-- ASSIGNMENT --
Below are records; from the line containing "Sin dagli anni" through the very last line, output each line exactly. No pictures.

-- SOURCE MATERIAL --
◆ ◆ ◆ ◆ ◆ ◆ ◆
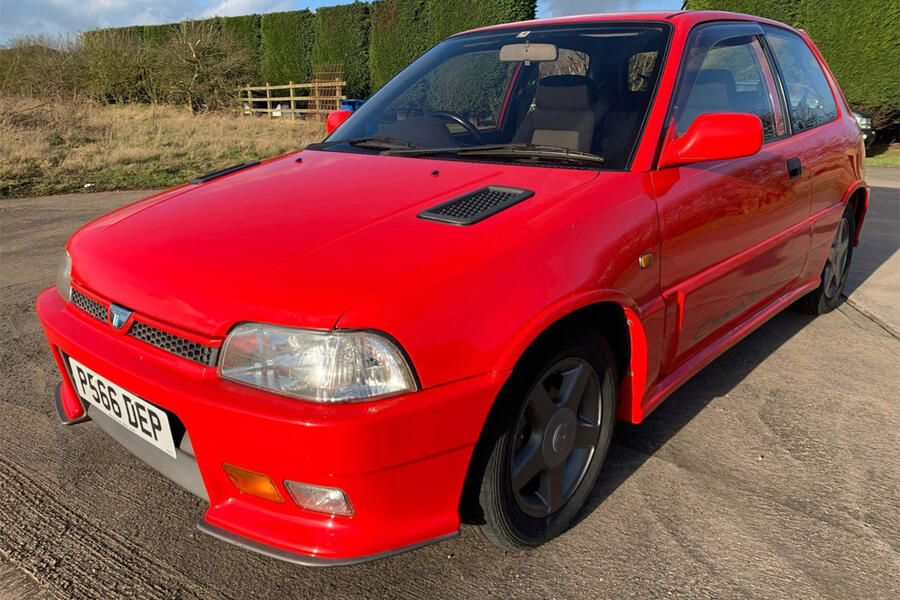 8 Daihatsu charade de tomaso gti front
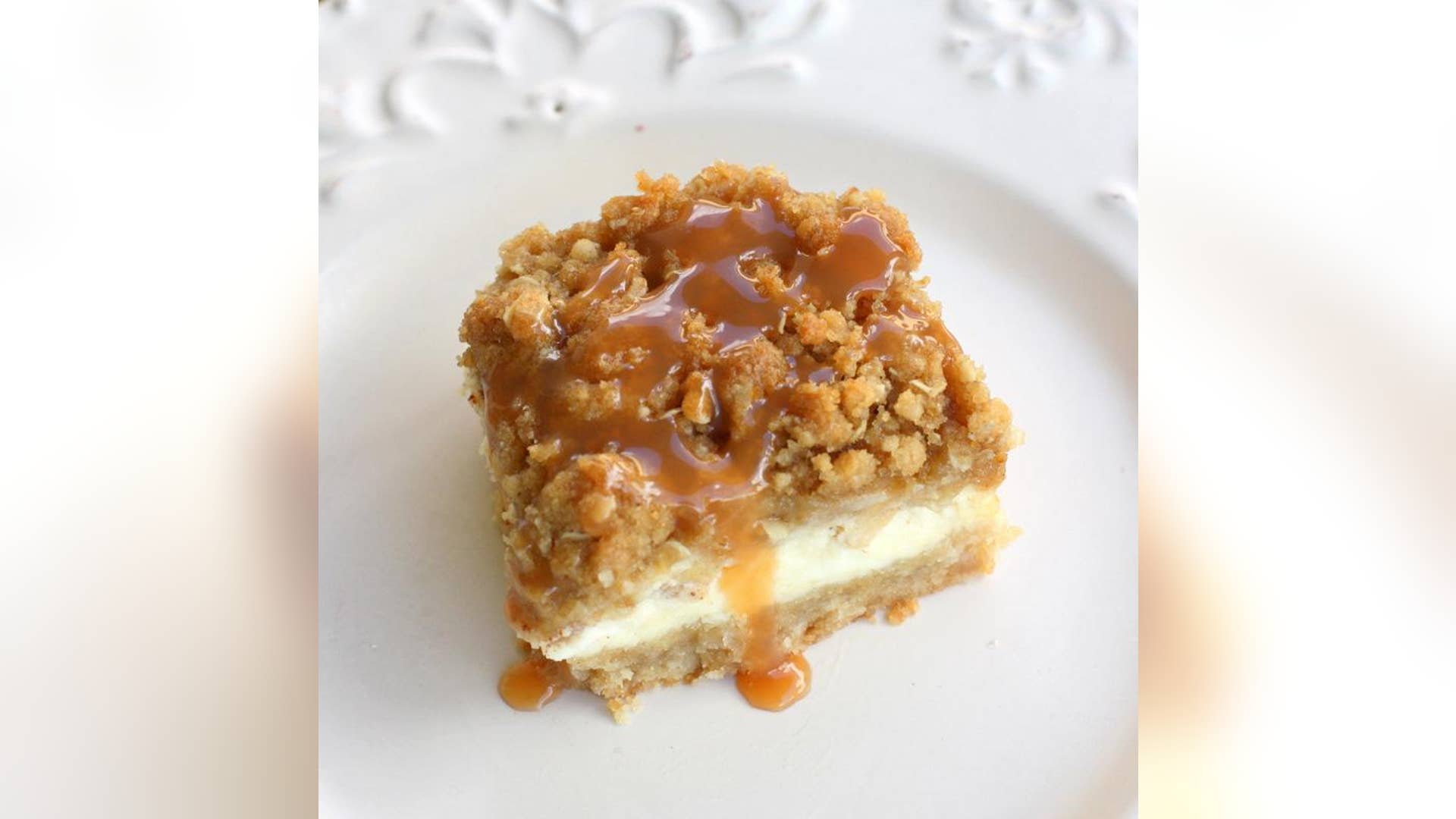 Caramel Apple Cheesecake Bars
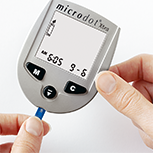 microdot® Xtra first step of inserting test strip.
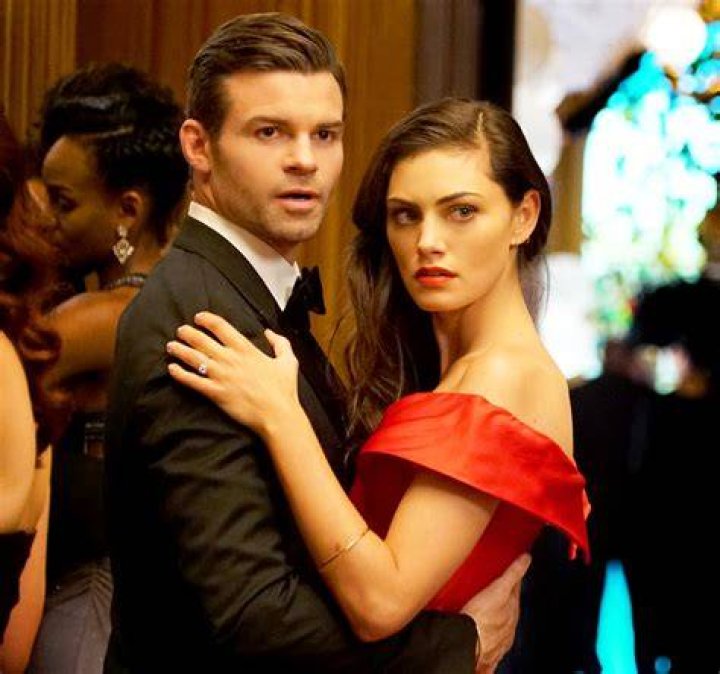 Do Hayley and Elijah get together?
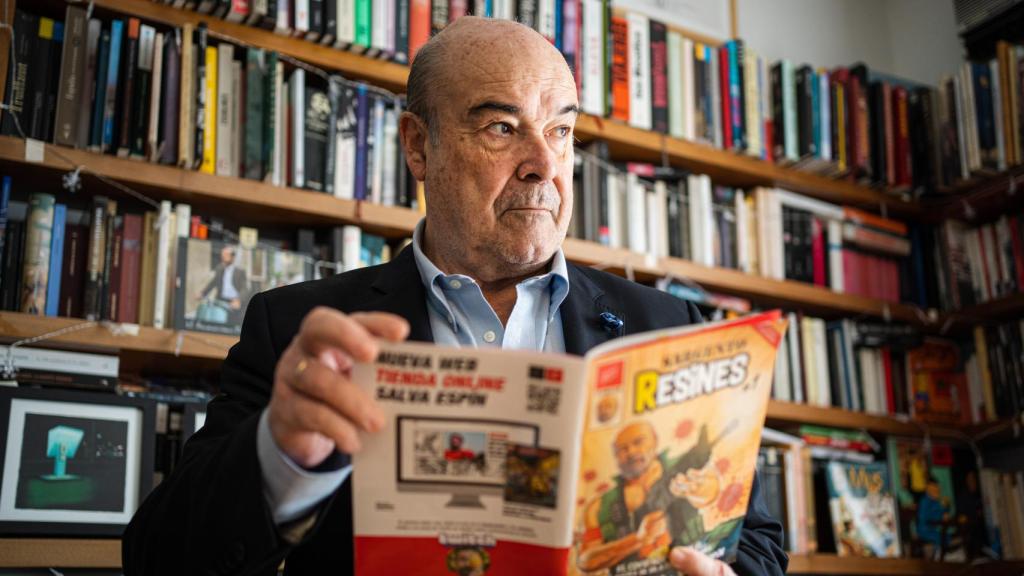 Antonio, con el cómic sargento Resines, dedicado a sus últimas peripecias de súper héroe.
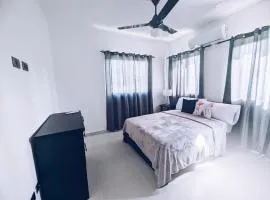 Spacious Condo With Free Parking & WiFi Close To The Airport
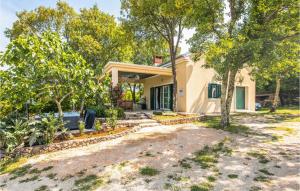 Amazing Home In Ostrobradic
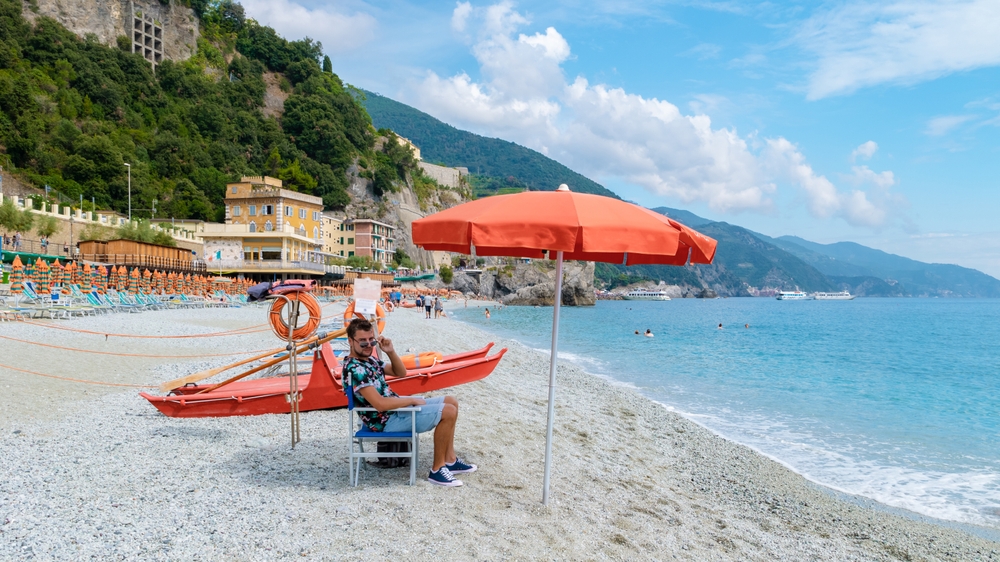 Sin dagli anni '60 è la spiaggia più amata della Riviera: qui potrai goderti gli ultimi scampoli d'estate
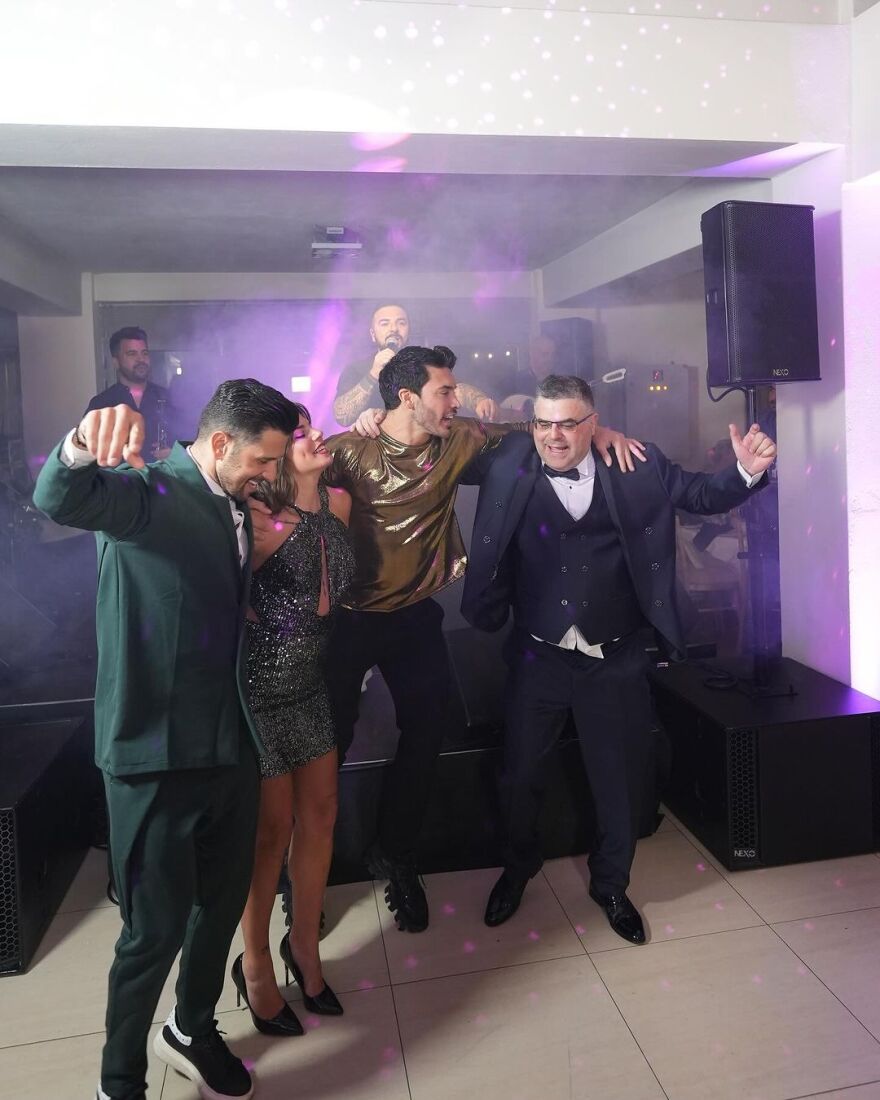 Ελίζαμπεθ Ελέτσι: Οι νέες φωτογραφίες από τον γάμο της με τον Νεκτάριο Λεμονίδη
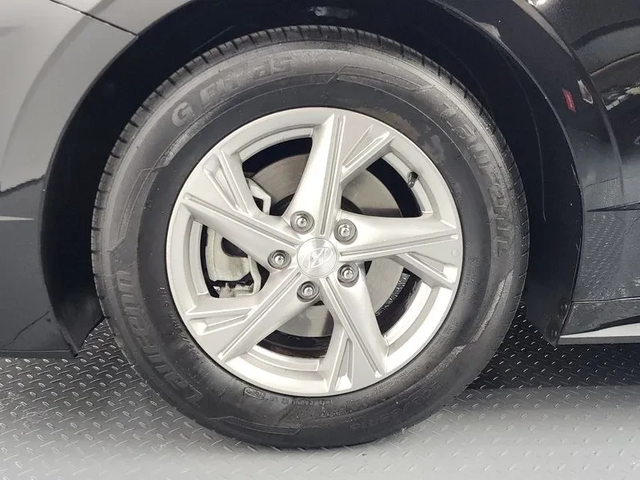 Hyundai Sonata 2.0 Smart - автомобили, коли, обяви за нови и употребявани 4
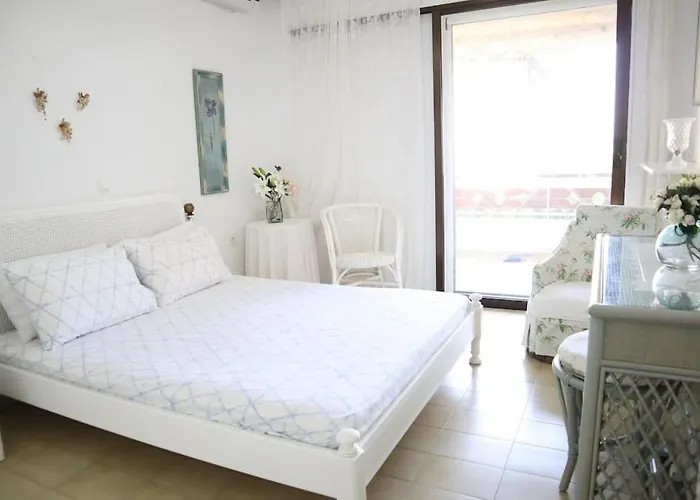 בית נופש By The Sea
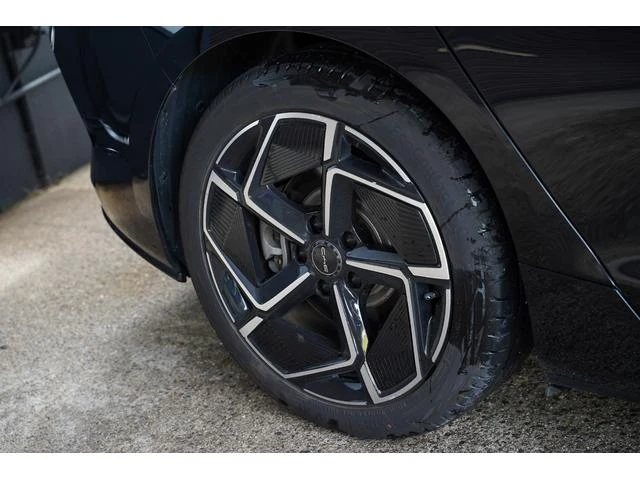 BYD SEAL 13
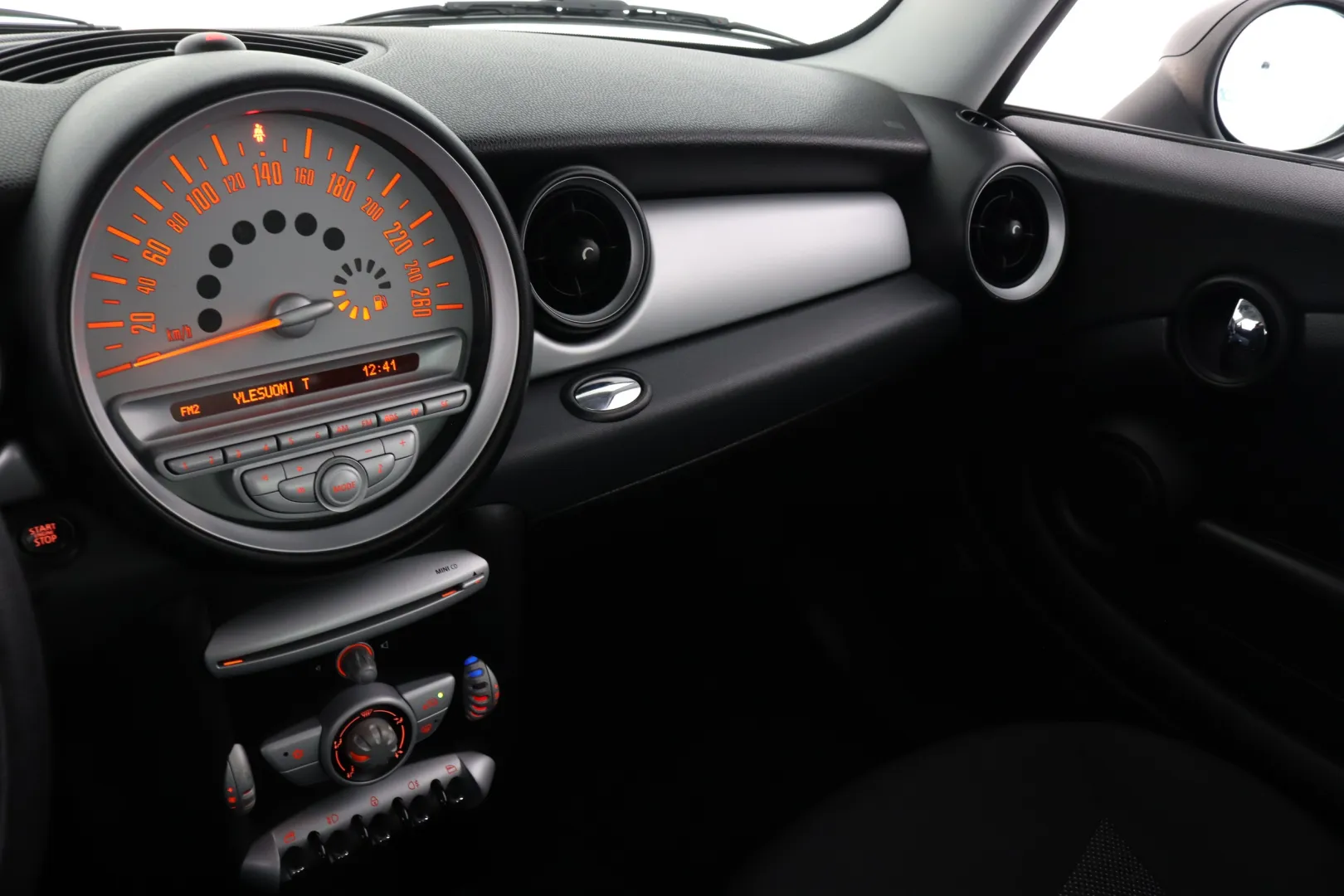 MINI One NHZ-660 carousel image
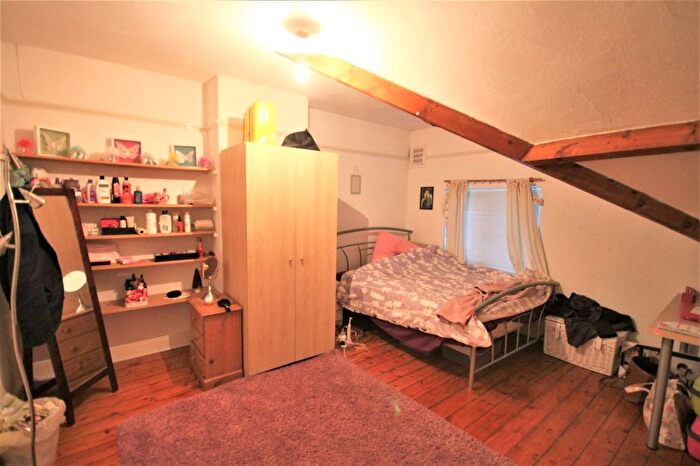 2 Bedroom Terraced House For Sale In Hessle Road, Leeds, LS6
◆ ◆ ◆ ◆ ◆ ◆ ◆
-- ANSWER SPACE --
 Sin dagli anni '60 è la spiaggia più amata della Riviera: qui potrai goderti gli ultimi scampoli d'estate
 Ελίζαμπεθ Ελέτσι: Οι νέες φωτογραφίες από τον γάμο της με τον Νεκτάριο Λεμονίδη
 Hyundai Sonata 2.0 Smart - автомобили, коли, обяви за нови и употребявани 4
 בית נופש By The Sea
 BYD SEAL 13
 MINI One NHZ-660 carousel image
 2 Bedroom Terraced House For Sale In Hessle Road, Leeds, LS6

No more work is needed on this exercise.